Le milieu urbain est généralement très artificialisé, en grande partie bétonné et asphalté. Cela signifie :

  • qu’il y a peu d’eau, qui en s’évaporant contribue à rafraîchir l’air ;

  • qu’il y a peu d’arbres derrière lesquels on peut disposer d’une ombre bienvenue en cas de chaleur ;

  • qu’il y a beaucoup de matériaux qui stocke la chaleur, comme l’asphalte de couleur sombre de nos routes et de nos parkings.

Parallèlement, l’homme, par ses activités, produit de la chaleur rejetée dans l’air. C’est le cas avec le pot d’échappement des voitures. C’est également le cas de la climatisation, largement utilisée en période de fortes chaleurs, et qui dans le même temps qu’elle refroidit des bâtiments, réchauffe l’air extérieur. La configuration des bâtiments peut également jouer un rôle, en atténuant la circulation de l’air (une place publique est généralement plus exposée aux vents rafraîchissant).

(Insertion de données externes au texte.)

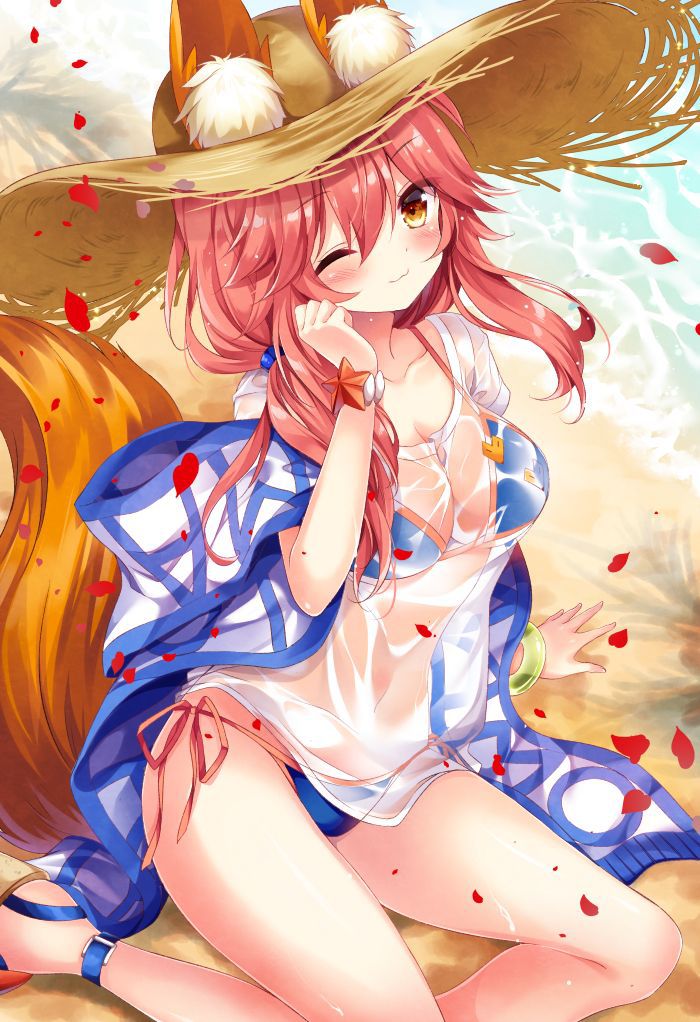 [Secondary erotic] Fate/Grand Order (Fate/EXTRA), cass fox and tamamo's front of the image summary! No.08 [20 sheets] 8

Parking de couleur sombre, sans arbres contribuant à en faire un endroit particulièrement chaud l’été © Bernard Suard,Terra
Parking de couleur sombre, sans arbres contribuant à en faire un endroit particulièrement chaud l’été © Bernard Suard,Terra

En quoi cela peut s’aggraver avec le changement climatique ?

Les scientifiques nous disent que les vagues de chaleur vont devenir plus intenses et plus fréquentes avec le réchauffement climatique. En clair : il va faire plus chaud l’été, et nous connaîtrons plus souvent des périodes de canicules, comme celles de l’année 2003

Pourquoi vouloir y remédier ?

En termes de santé publique : la canicule de 2003 est à l’origine de 15 000 décès supplémentaires par rapport à ce qui est observé normalement (source : Inserm/Invs/Insee) ;

En termes de confort : en période de forte chaleur, vivre dans des villes étouffantes nous fatigue plus  ;

En termes d’énergie : 1°C supplémentaire représente à l’échelle nationale un appel de puissance supplémentaire équivalent à celui de la ville de Nantes (sources : RTE/connaissance des énergies).

Quelles pistes de solutions ?

Au niveau de l’aménagement urbain, plusieurs pistes sont possibles afin de mieux rafraîchir les villes pour agir dans le sens d’aménagements plus adaptés :

  • utiliser et retenir l’eau en ville : certains dispositifs de gestion alternative des eaux pluviale (fossés humides, bassins de rétention, etc.) permettent de retenir l’eau au lieu de l’évacuer. Les bassins, les fontaines, et les jets d’eau créent également des micro-climats plus frais ;

  • opter pour des matériaux de couleur claire : ceux-ci réfléchissent le rayonnement solaire, au lieu de l’absorber, avec comme effet de moins stocker de la chaleur. L’utilisation de matériaux de couleur claire nécessite toutefois de considérer les possibles effets d’éblouissement associés ;

  • végétaliser les bâtiments et les espaces urbains : ce type de solutions recouvre une palette très large de dispositifs : plantations ponctuelles d’arbres, toitures et façades végétalisées, dalles végétalisées.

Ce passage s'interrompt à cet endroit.